We study
u' = Au. (*)
Again, we'll try for exponential solutions. Unfortunately, e^{lambda t) is not a vector-valued function. To make it such we'll have to multiply by a constant vector, say c: so we look for solutions of the form e^{lambda t}c. It's equivalent to look for solutions which lie along a straight line (as long as we require lambda to be real - an unreasonable assumption, in the end, as we'll see).
Now (e^{lambda t})' = lambda (e^{lambda t}c) and A(e^{lambda t}c) = e^{lambda t}Ac, so we are requiring that Ac = lambda c. This is surely satisfied by c = 0, but this case is uninteresting. What are we asking if we require c not 0?
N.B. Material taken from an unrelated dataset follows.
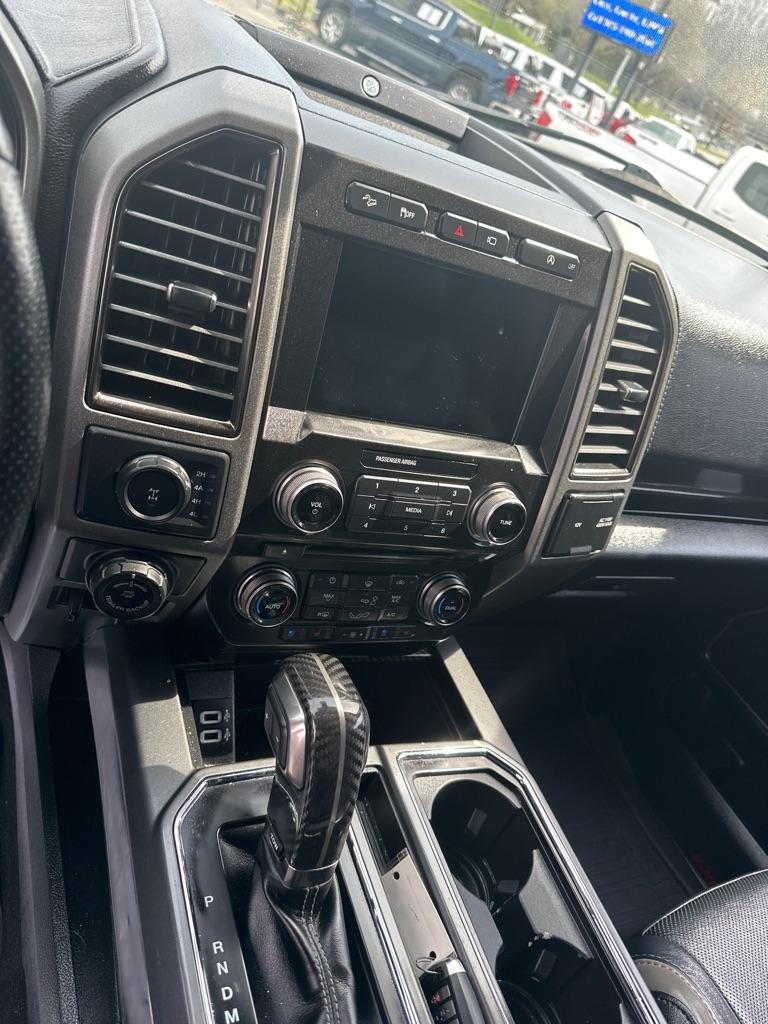 Ford F-150 Raptor 4WD SuperCrew 5.5' Box 2018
We'll use the principle that [a b; c d][c1; c2] = c1[1;c] + c2[b;d]; so Bv = 0 has a nontrivial solution exactly when det B = 0.
Time for an example: x' = x + 3y, y' = 3x + y: A = [1 3; 3 1]. I can rewrite Ac = lambda c as [1-lambda 3; 3 1-lambda]c = 0. So we'll require that
det(A - lambda I) = 0. (**)
This determinant is the "characteristic polynomial" of A. In our case it comes to lambda^2 - 2 lambda + 8, which has roots lambda1 = 4, lambda2 = -2. These roots are the "eigenvalues" of A.
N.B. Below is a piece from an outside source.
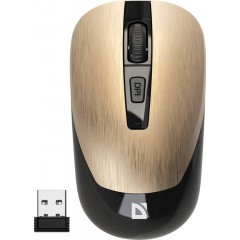 Мышь Defender Wave MM-995 золотистый 52994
Already we can say quite a lot about the solutions to (*): there are straight-line solutions of the form e^{4t}c1 and e^{-2t}c2, and the general solution is a linear combination of these.
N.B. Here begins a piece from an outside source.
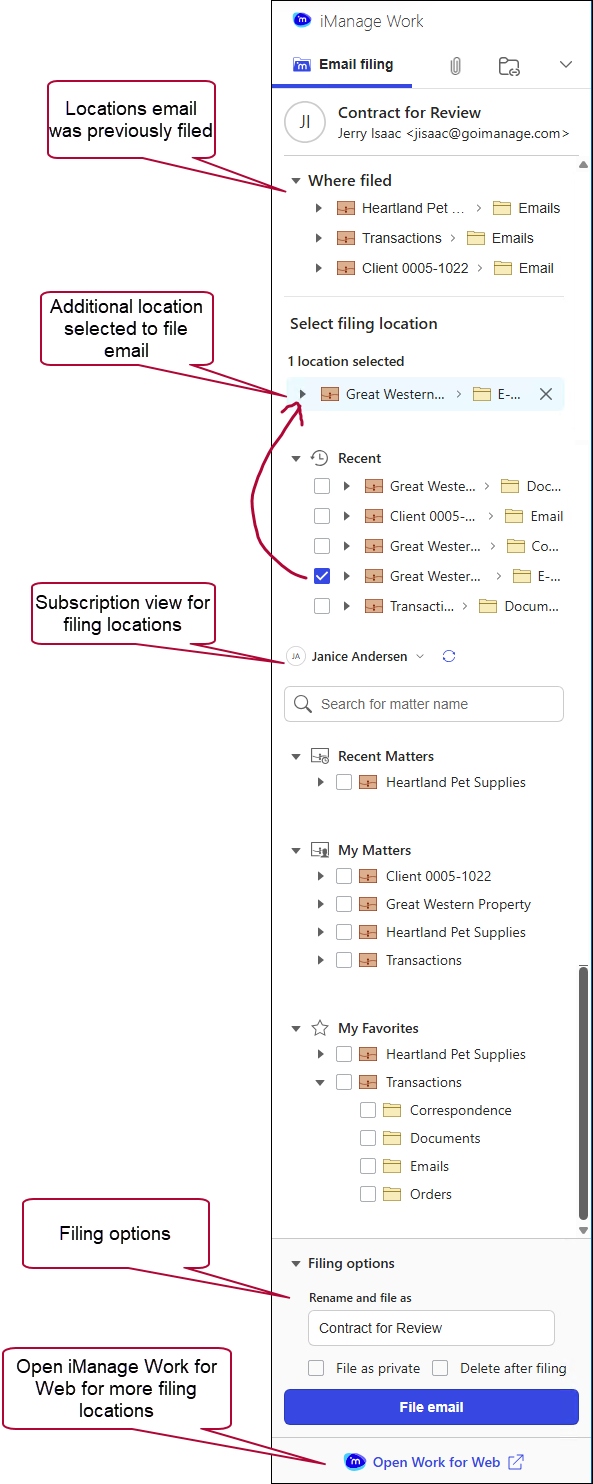 procedure_filing emails task pane view.png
To find c1 and c2 - the "eigenvectors" - we substitute the eigenvalue into (**):
lambda1 = 4 leads to c1 = [1;1] (or any nonzero multiple),
and
lambda2 = -2 leads to c2 = [1;-1] (or any nonzero multiple).
(General fact: symmetric matrices have perpendicular eigenvectors, and real eigenvalues.)
So there are straight line solutions e^{4t}[1;1] and e^{-2t}[1;-1], and the general solution is a e^{4t}[1;1] + b e^{-2t}[1;-1]; that is x = ae^{4t} + be^{-2t}, y = ae^{4t} - be^{-2t}.
The straight-line solutions are along the "eigenspaces," E_4 = multiples of [1;1] and E_{-2} = multiples of [1;-1]. In general solutions trace out curves diverging from E_{-2} and converging to E_4. We can draw the "phase plane."
Geometrically, A multiplies by 4 along E_4 and by -2 along E_{-2}, and does more complicated things elsewhere.
If we had started with a second order equation y" + ay' + b = 0, with companion matrix A = [0 1; -b -a], then the characteristic polynomial of A is
det(A - lambda I) = (-lambda)(-a-lambda) + b = lambda^2 + a lambda + b,
that is, the characteristic polynomial of the companion matrix equals the characteristic polynomial of the higher order linear operator.